In 1767, he published his Essay on the History of Civil Society, using “history” in the then current static-descriptive sense as well as in a “temporalizing” sense. This work strongly reflects, by Ferguson’s own admission, the influence of Montesquieu. Two years later, Ferguson published the Institutes of Moral Philosophy, an outline of the course of lectures that he followed, with variations, throughout his teaching career. In 1783, he published The History of the Progress and Termination of the Roman Republic, a work that reached many editions. His two-volume Principles of Moral and Political Science,“being chiefly a Retrospect of Lectures delivered in the College of Edinburgh,” was published in 1792. This was in reality only a greatly expanded and more finished version of the Institutes, with some variations. Most of these works appeared almost immediately in translation in Germany and France, and some also in Italy and Russia. He was also widely known and read in America.

Ferguson was a principal founder and charter member of the Royal Society of Edinburgh; on a visit to the Continent in 1793, he was made an honorary member of the Berlin Academy of Science. He was closely associated, through personal friendship, various literary clubs, and correspondence, with others from Edinburgh, such as Hume, Lord Kames, William Robertson, John Home, Adam Smith (with whom he had a temporary falling-out), and Edward Gibbon, all of whom had high regard for Ferguson. Abroad he received the acclaim of men like Baron d’Holbach in France and Schiller, Jacobi, Herder, and others in Germany. He spent his last years, with failing eyesight, at St. Andrews, where he died in 1816, at the age of 92. He was buried in the old cathedral churchyard, and the beautiful epitaph that Sir Walter Scott, boyhood playmate of the Ferguson children, wrote for him is still to be seen there.

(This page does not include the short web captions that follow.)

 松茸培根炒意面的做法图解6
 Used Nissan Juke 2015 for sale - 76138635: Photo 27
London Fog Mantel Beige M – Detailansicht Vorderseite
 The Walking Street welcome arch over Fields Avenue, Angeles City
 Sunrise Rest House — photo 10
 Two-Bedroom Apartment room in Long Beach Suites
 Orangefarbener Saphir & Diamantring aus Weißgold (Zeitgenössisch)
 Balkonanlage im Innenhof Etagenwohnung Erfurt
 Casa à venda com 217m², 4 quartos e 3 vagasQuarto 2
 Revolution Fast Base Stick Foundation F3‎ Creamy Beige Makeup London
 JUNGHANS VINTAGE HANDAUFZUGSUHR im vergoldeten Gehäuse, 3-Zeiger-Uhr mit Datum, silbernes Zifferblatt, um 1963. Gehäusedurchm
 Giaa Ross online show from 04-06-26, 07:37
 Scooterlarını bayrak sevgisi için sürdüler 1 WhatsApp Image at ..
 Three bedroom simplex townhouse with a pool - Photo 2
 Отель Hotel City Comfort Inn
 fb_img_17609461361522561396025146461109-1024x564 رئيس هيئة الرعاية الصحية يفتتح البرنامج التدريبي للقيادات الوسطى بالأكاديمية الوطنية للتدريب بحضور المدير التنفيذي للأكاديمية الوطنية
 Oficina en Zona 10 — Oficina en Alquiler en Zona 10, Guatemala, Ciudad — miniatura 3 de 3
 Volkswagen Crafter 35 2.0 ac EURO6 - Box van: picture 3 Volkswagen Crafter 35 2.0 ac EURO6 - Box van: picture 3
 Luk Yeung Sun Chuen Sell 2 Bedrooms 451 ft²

Whereas Ferguson’s fame at home and abroad rested chiefly on his Civil Society, this work is best understood in the broader setting of his entire social and moral philosophy, which is more adequately stated in his Principles.“Moral philosophy” covers comparative anthropology, individual and social psychology, and “natural religion” and is applied to jurisprudence, economics and politics, and ethics. The basic concern of moral philosophy is human nature itself. “Human nature,” Ferguson once observed, “is my trade”—meaning, no doubt, the business of his chair. Man is viewed as a rationally intelligent, morally evaluating, active, and therefore progressive animal, always and everywhere living in society. He is to be studied, therefore, not only as an individual but also as a member of the community. The community is at once the source of his being, the field of his operations, the end of most of his actions, and the indispensable means— through the invention and use of language as his principal instrument of communication—to the realization of his essential humanity.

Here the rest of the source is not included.